Exclusive research by The Mail on Sunday, published today, shows that 13 society chief executives received double-digit increases or more in their 2021 remuneration.

The biggest award by far was granted to David Cutter, longstanding boss of Skipton, who saw his overall financial package for 2021 leap by nearly 103 per cent to £1,309,000.

Six other society chief executives received six-figure bonuses last year. These include the bosses of societies much larger than Skipton (Coventry and Yorkshire) as well as those a fraction of its size.

For example, Mark Bogard, who received a £115,000 annual bonus, is in charge of The Family Building Society which is a tenth of the size of Skipton and operates just one branch in Epsom, Surrey.

These profits are made from the difference in interest charged on borrowers' loans and the interest paid to savers. The Bank of England base rate has risen from 0.1 per cent in November to 0.75 per cent today. The MoS's Give Savers A Rate Rise campaign calls for all banks and building societies to give savers a better deal.
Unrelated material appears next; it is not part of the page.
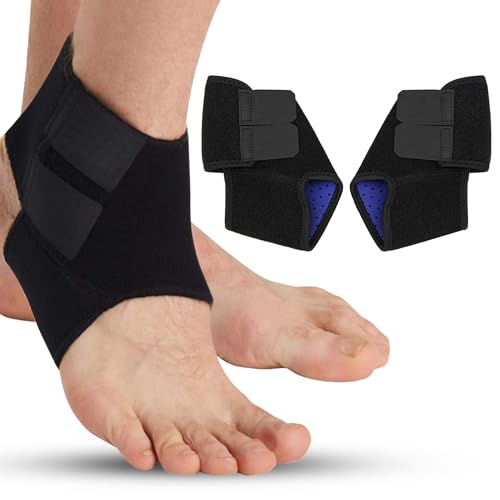 ATEK Ankle Support Brace, Adjustable Non-Slip Ankle Braces, for Sprained Ankle Achilles Tendonitis Plantar Fasciitis Sports Injury Recovery, One Size for Men Women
All members – savers and borrowers – of building societies can register their disquiet over excess boardroom pay.

They can do this by voting against the directors' remuneration report ahead of the annual general meeting – or at the meeting if they are willing to travel to it.

For societies with end of December year ends, most will hold their AGMs later this month. For example, Skipton's meeting will take place on April 25 while Coventry, the country's second largest society, will hold its AGM three days later at the Coventry Building Society Arena.

Members of most building societies can vote ahead of the AGM – by post, online or via a branch. For Skipton, the voting deadline is April 20 – Coventry's is April 25.

Although voting against the directors' remuneration sends a disapproving signal to the board, it is no more than that. The vote is nonbinding which means the board does not have to act on it.

Organisations such as the Building Societies Members Association have long argued for the remuneration to be subject to an annual binding vote.

It also believes that any bonuses paid to directors should be based on improved benefits for members (higher savings rates, for example), not on making bigger profits.

Although members often speak out against executive pay at the AGMs, only a minority vote against the remuneration report. For example, at Coventry's AGM last year, only 8,326 voted against, compared to more than 96,000 who voted in favour. The respective figures for Skipton were 4,787 and 58,082.

This suggests widespread apathy, but it is not strictly true. Many customers use a so-called 'quick vote' when voting ahead of an AGM. This in effect hands over their vote to the society's chairman.

In the case of the remuneration report, it means a vote for it, not against it. The BSMA has long called for the quick vote to be 'banned', describing it as 'underhand'.